Increasing Diversity in Software Product Planning and Development Approaches
For a long time, the standard approach for software product planning and development was requirements-driven. We elicit and collect market requirements, analyze them and decide which ones to implement when. These used to be the steps with waterfall methodology, and basically it is the same with agile, e.g. Scrum, though roles and responsibilities and timing are a bit different.
Over the last couple of years, we have been seeing more diversity in this area. As Jan Bosch (Chalmers University, Sweden) pointed out in a recent blog post, there are three different approaches now. The requirements-driven approach continues to be relevant, in particular for legal or regulatory requirements, requirements for commodity functionality, and technology requirements.
There is a second approach where we experiment with different implementations and based on the analysis of usage data we decide which implementation we keep in the product. This is a good approach when the focus is on innovation and optimization under uncertainty, and we as the vendor have an environment that allows this kind of experimentation, i.e. a vendor-controlled environment (see my blog post on these scenarios). We call this data-analysis-driven, Jan Bosch and some other authors call this outcome-driven. We feel that in a requirements-driven approach the decision on how to implement something can also be driven by the outcome, so we prefer the term data-analysis-driven here.

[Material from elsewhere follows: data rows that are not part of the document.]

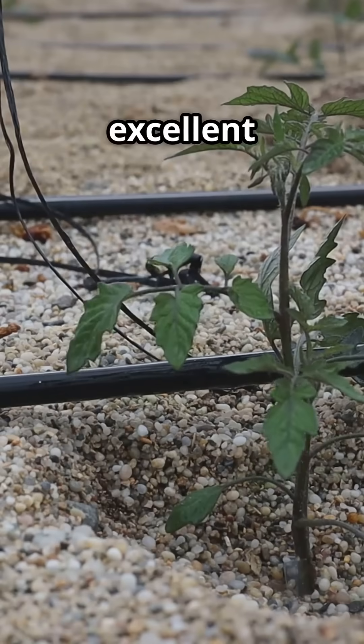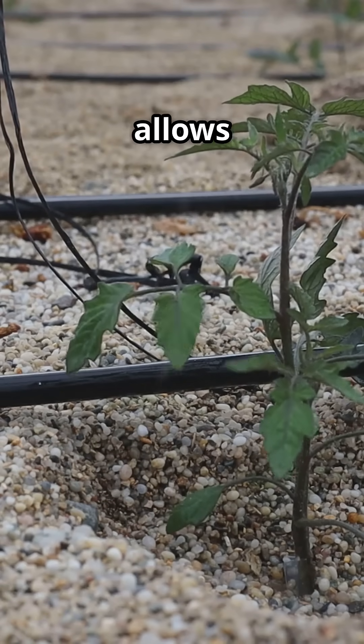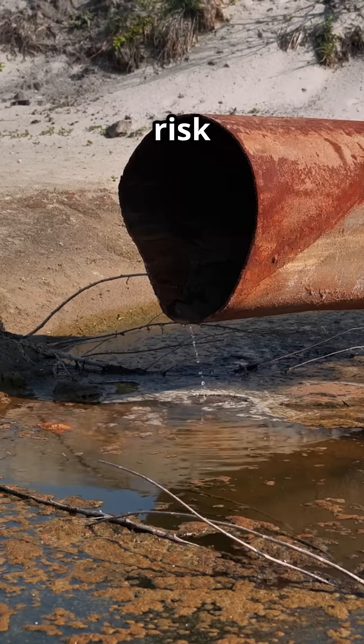Sandy soil is excellent for certain crops like carrots, potatoes, peanuts, radishes, and onions because it allows roots to grow straight and deep. It also drains well, reducing the risk of rot.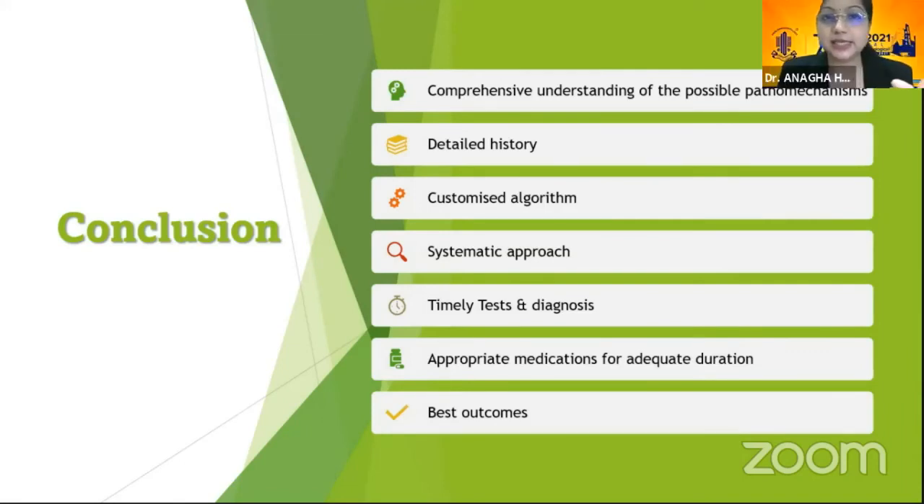A comprehensive understanding of the possible mechanisms, a detailed history, a customized algorithm, a systematic approach, timely tests and diagnosis, and appropriate medications for an adequate duration will ensure good outcomes.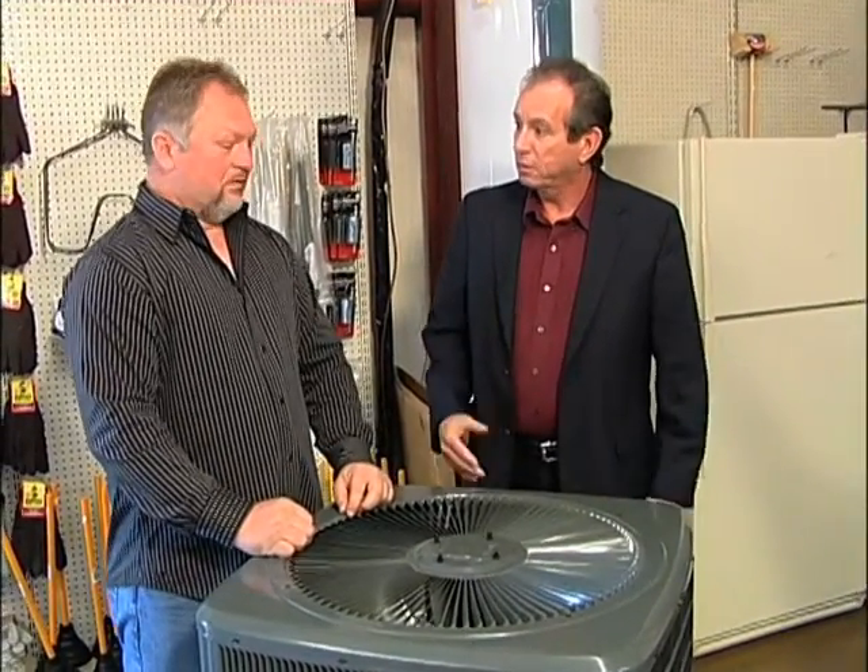Hey everybody, I'm Randy Stiltner of Top Notch Mobile Home Supply. Randy, let me tell you, you've got great things going on. I've seen you in action. You've got a lot of stuff. You're telling me now you've got some great deals on some heat and air conditioning. Tell me a little bit about that.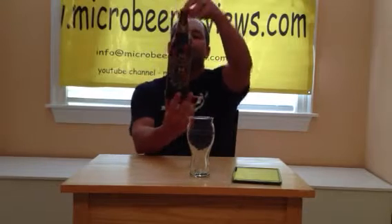Hey everybody, welcome back to microbeerreviews.com. We are fortunate enough to have yet again another very unique bomber bottle from the Stone Brewing Company. We call it the R&R Coconut IPA. It's part of the 2013 collaboration series.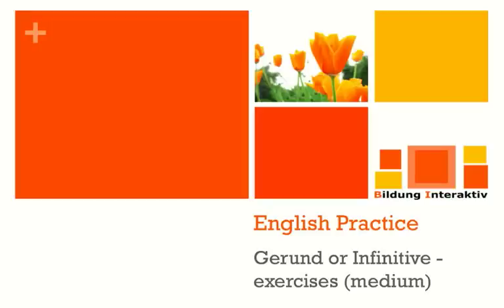Hello everybody and welcome to an exercise video by Bildung Interaktiv. These exercises are on the question whether you have to put a gerund or an infinitive into a sentence, and the level of the exercises is medium.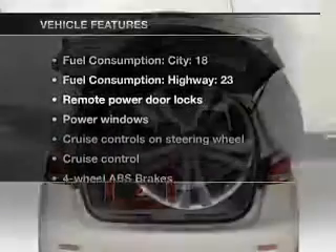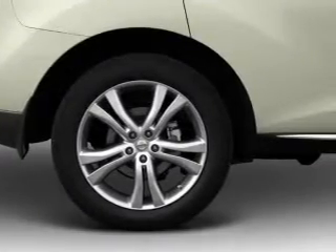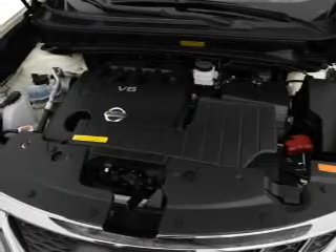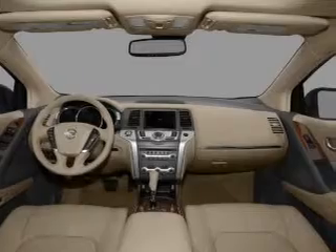Enjoy these notable features included in this vehicle: air conditioning, power door locks, power windows, power steering, cruise control, power mirrors, an alarm system, an AM-FM stereo with a CD player, and an adjustable tilt steering wheel.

The third approach applies to artificial intelligence/machine learning where data is prepared and used as input for the learning process of an ML engine. We call this data-input-driven, Jan Bosch calls it data-driven, but we feel that this term can be misleading since the second approach is also driven by data for analysis.
These three approaches do not necessarily have to be used either/or. In a lot of real-world situations, they better be used in parallel for different parts of a product and/or different types of requirements in order to get to optimal results. So product management and development organizations better learn how to apply all three approaches in their environments.